A marble block being chipped away at, slowly transforming into a work of art — it’s an image taken straight out of the Italian Renaissance. Except it isn’t. Because the thing doing the chipping is not a hand, but a robotic arm.
Art graduate student Alvin Huff, ASU alumnus Eric Clausen and art professor Mary Neubauer were the ones behind that robotic arm. In June, the three were working on an imperative called The Digital Stone Project, which took traditional sculpting techniques and modernized them with a digital edge.
Neubauer was invited to the project in 2014, bringing two ASU students with her to collaborate with some of the highest ranking collegiate artists from all over the world.
“The reason ASU students were invited is our long record of working with 3-D tools probably dating back to the mid '90s. So, I think, as a university, we were one of the early adopters of new 3-D technologies,” Neubauer said.
The artists on the project said the use of digital sculpting was revolutionary — allowing for cleaner cuts and designs that were virtually impossible without the arm’s precision.
The project involved the artist digitally designing their vision for the piece, each adding their own digital aspect and touch to each piece and delving into this virtually unexplored medium of art.
Clausen, for instance, made a piece called “Noise,” where he scanned his face in 3-D and then digitally reconstructed his ears to be massive in the sculpture.
After designing the piece, they traveled to Italy where the actual workshop existed and used a robotic arm along with their own skills to transfer the piece into marble.
“We’re combining the traditions of art and sculpture with new methodologies that are available,” Clausen said. “However, if you look at those methodologies, there are analogs of that that go back to the Renaissance and before. We may use a laser-scanner, back in Renaissance times they used a pointing machine.”
Huff said the machine used a long series of XYZ coordinates chained together to create a path, follows the path using different saws and tools.
However, Huff also said the machine lacked some human artistry that this sort of sculpting used.
“After the tutorial I was carving at the parts that didn’t quite get gone by the machine. It can only go so small,” Huff said.
Clausen’s sculpture, for instance, was comprised of facial features. So while the robot buffed out the majority of the work they designed, Clausen had to jump in at the end to carve and give the sculpture a sort of spark of life.
“They can’t do it all, they can’t do the magic of the hand finishing at the end. That is something robots can’t do,” Neubauer said.

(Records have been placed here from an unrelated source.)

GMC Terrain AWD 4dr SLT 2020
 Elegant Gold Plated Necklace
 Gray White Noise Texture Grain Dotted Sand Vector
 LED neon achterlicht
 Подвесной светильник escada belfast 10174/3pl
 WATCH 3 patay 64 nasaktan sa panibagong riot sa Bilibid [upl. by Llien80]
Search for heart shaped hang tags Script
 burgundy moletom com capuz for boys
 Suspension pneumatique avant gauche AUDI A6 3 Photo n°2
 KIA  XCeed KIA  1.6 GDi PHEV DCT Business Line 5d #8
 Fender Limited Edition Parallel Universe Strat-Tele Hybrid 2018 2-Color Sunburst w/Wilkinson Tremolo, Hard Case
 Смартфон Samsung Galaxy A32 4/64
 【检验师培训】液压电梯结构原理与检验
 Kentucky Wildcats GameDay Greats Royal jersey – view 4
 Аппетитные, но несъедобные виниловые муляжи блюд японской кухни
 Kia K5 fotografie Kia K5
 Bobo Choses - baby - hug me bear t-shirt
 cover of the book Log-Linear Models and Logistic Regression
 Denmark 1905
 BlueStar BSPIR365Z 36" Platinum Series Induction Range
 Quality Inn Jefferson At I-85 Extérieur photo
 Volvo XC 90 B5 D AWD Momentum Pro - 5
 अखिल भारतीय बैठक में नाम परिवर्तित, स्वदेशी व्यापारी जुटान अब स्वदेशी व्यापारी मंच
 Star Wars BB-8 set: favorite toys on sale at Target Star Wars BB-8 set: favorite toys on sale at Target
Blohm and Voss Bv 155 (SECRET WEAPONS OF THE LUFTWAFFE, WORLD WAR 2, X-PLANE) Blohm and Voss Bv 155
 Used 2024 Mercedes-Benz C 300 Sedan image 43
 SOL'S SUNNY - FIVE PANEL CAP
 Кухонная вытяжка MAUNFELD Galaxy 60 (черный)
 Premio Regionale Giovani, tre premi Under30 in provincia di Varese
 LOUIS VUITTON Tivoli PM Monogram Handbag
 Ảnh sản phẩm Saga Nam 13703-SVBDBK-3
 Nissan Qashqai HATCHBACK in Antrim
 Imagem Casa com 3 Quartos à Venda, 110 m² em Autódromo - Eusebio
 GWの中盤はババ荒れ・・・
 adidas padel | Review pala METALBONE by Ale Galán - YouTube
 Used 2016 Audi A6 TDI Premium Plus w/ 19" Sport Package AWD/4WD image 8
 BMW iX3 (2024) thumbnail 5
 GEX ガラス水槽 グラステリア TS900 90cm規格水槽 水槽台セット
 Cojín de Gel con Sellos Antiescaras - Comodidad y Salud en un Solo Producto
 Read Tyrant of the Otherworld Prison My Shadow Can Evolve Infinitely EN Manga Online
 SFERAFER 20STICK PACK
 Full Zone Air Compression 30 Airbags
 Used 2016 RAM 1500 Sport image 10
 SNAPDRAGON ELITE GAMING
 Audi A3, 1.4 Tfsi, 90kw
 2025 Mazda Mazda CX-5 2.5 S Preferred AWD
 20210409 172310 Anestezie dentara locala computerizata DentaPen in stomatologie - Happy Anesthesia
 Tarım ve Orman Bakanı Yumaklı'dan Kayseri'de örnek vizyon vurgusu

However, they believe the technology is, in the end, revolutionary and they hope to incorporate it into the ASU arts program.
“We’ve always been a leader in 3D tools and I think we’ve kept that edge,” Neubauer said. “This school is really wanting to put together a 3D tools lab and, of course, all of those things are contingent upon funding, but in my mind we have no choice because we’re going to be revitalizing this crucial art form.”